I’m wrenching the steering wheel to the right, and the tires on Dad’s old Camry are squealing, and I am most definitely pulling off the mountain road and heading down the dirt track that leads to the house where Pax lives.

What the fuck am I doing? What the hell am I hoping to accomplish here? What the fuck, what the fuck, what the FUCK? I have to turn around and keep going up to the academy. I can’t, though, because the road is so narrow, trees pressing in on both sides, that I have to go forward until I reach the house if I want to turn around.

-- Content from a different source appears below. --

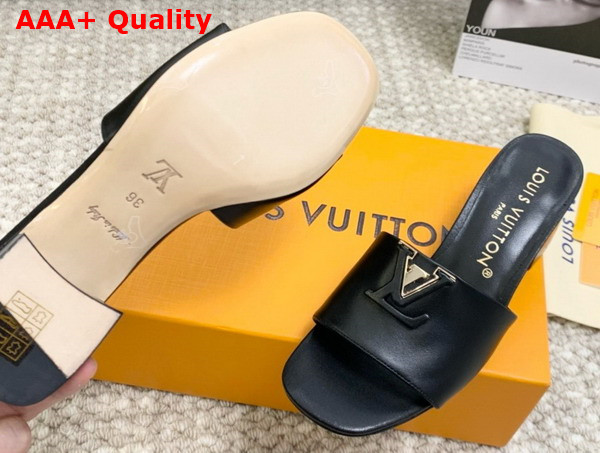 LV Capri Flat Mule in Black Calf Leather 1ACTME Replica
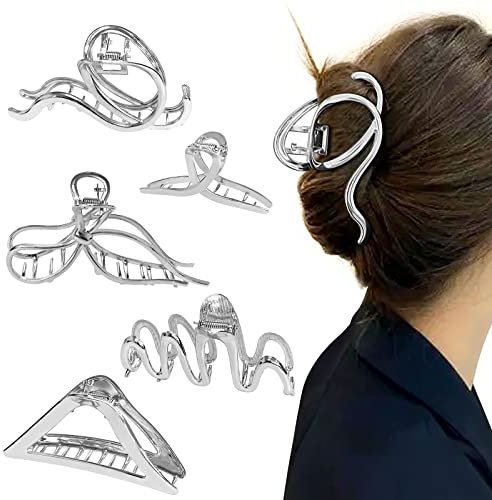 wonderforday Haarklammern,5 Stück Metall Haarklammer Groß Starker Halt, Metall Haarklammer Große Haarschmuck für Damen und MädchenKrallenklammern für dickes Haa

Naturally, it’s just my luck that when I emerge from the forest, entering the clearing in front of the house, Wren Jacobi is already out front, about to get into his car. He stops dead, staring at me through the windshield, obviously trying to figure out who’s just pulled up in front of his house.

My hands lock around the steering wheel. I have a choice to make. I can either make up some bullshit excuse about using their turnoff as a spot to turn around and head back down the mountain. Or…

Or.

I can be honest.

Jacobi used to terrify me almost as much as Pax did. I barely even register a flutter of nerves as he slams the car door and crosses the wood chipped driveway towards the driver’s side window of Dad’s vehicle. He’s far less scary to me now that I’ve seen how he is with Elodie. Any guy capable of loving another human being that much can’t be that terrible. And ever since I woke up on the concrete outside of the hospital, Pax leaning over me, soaked in my blood, I haven’t really been afraid of much.

He bends at the waist and smiles sinisterly at me through the window. “You gonna buzz this thing down or shall we conduct our business through the glass?” he asks.

I buzz it down.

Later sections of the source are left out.